_WHAT IS REQUIRED:_ Take the line with "韩版2022春季女装韩版V领针织衫女毛衣+设计感吊带长裙连衣裙" and every line after it, through the end of the listing, and give them again exactly, pictures excluded.

*** Opening of DATASET EXTRACT ***

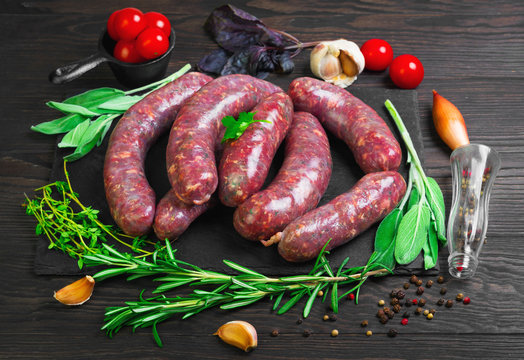 Raw uncooked meat sausages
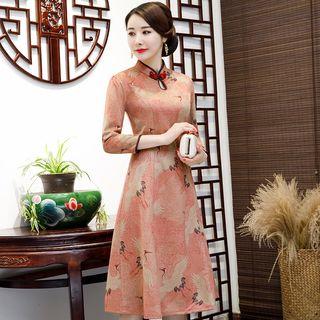 Traditional Chinese 3/4-sleeve Printed A-line Dress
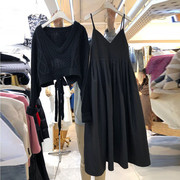 韩版2022春季女装韩版V领针织衫女毛衣+设计感吊带长裙连衣裙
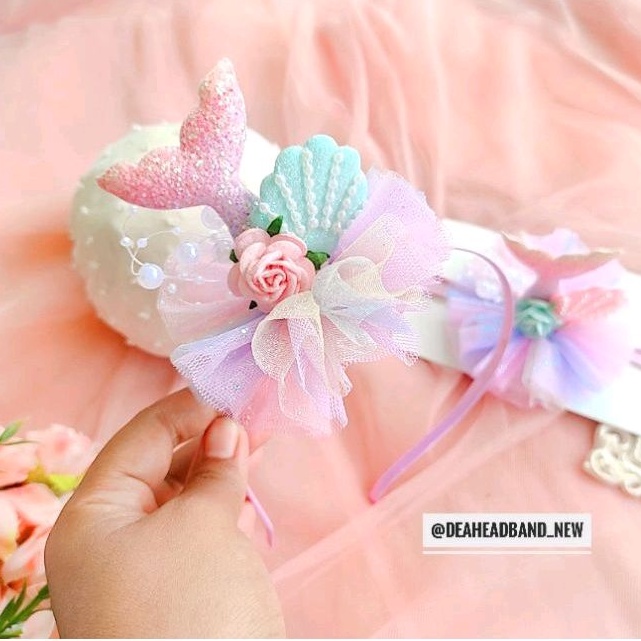 bando mermaid rainbow putri duyung pelangi headband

*** Close of DATASET EXTRACT ***

_YOUR SOLUTION:_
 韩版2022春季女装韩版V领针织衫女毛衣+设计感吊带长裙连衣裙
 bando mermaid rainbow putri duyung pelangi headband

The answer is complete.